A New Approach to Sports Betting

Novig, available to users 21 and older, is revolutionizing the sports betting industry by offering an alternative to traditional sportsbooks. The platform is not available in Alabama, Colorado, Idaho, Louisiana, Michigan, Montana, Nevada, and Tennessee.

Jacob Fortinsky, Novig’s CEO and co-founder, emphasized the app’s appeal:
“Players are fed up with apps where the house always wins, and the odds are stacked against them. On Novig, 43% of users are profitable, compared to an industry average of just 3%. We’re excited to offer a commission-free sports prediction market nationwide.”

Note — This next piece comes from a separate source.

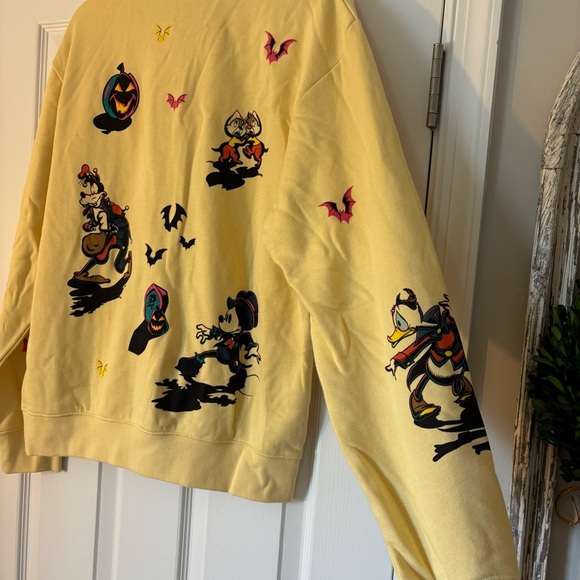 Disney Parks Store Mickey Mouse & Friends Halloween Pullover Sweatshirt Yellow S - Picture 9 of 9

A Strong Backing and Colorado Setback

Last year, Novig secured $6.4 million in seed funding from a range of prominent investors, including Lux Capital, Y Combinator, and Joe Montana. In January 2023, the company launched its commission-free sports betting app in Colorado, where it initially received a license from the Colorado Division of Gaming.

However, despite its initial success in Colorado, state regulators did not approve Novig’s betting exchange system, forcing the company to operate as a traditional sportsbook. Three months after its debut, Novig shut down the app to work on significant updates. As of now, the platform remains unavailable in Colorado.

What Novig Offers

The Novig platform currently offers a wide range of betting options, including moneyline, spread, totals, and player props across NFL, NBA, WNBA, NCAAF, NCAAB, and MLB. The company has ambitious plans to expand its offerings in the coming months, including introducing parlays, same-game parlays (SGPs), futures, and more sports. Additionally, it will launch a web-based trading interface to enhance the user experience.

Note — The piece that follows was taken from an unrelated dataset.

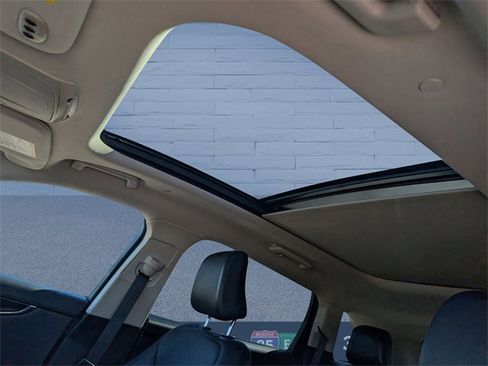 Used 2022 Lincoln Nautilus Reserve image 13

Regulatory Scrutiny of Sweepstakes Model

While Novig expands its reach, the company’s sweepstakes model has attracted the attention of regulators. Last month, the American Gaming Association (AGA) issued a memo urging state regulators and attorney generals to investigate sweepstakes-based gaming platforms, citing concerns about the lack of regulatory oversight and the potential risks posed to consumers.

The AGA highlighted that the sweepstakes model could undermine the economic integrity of the legal gaming market, especially given the rapid growth of sports betting across the country.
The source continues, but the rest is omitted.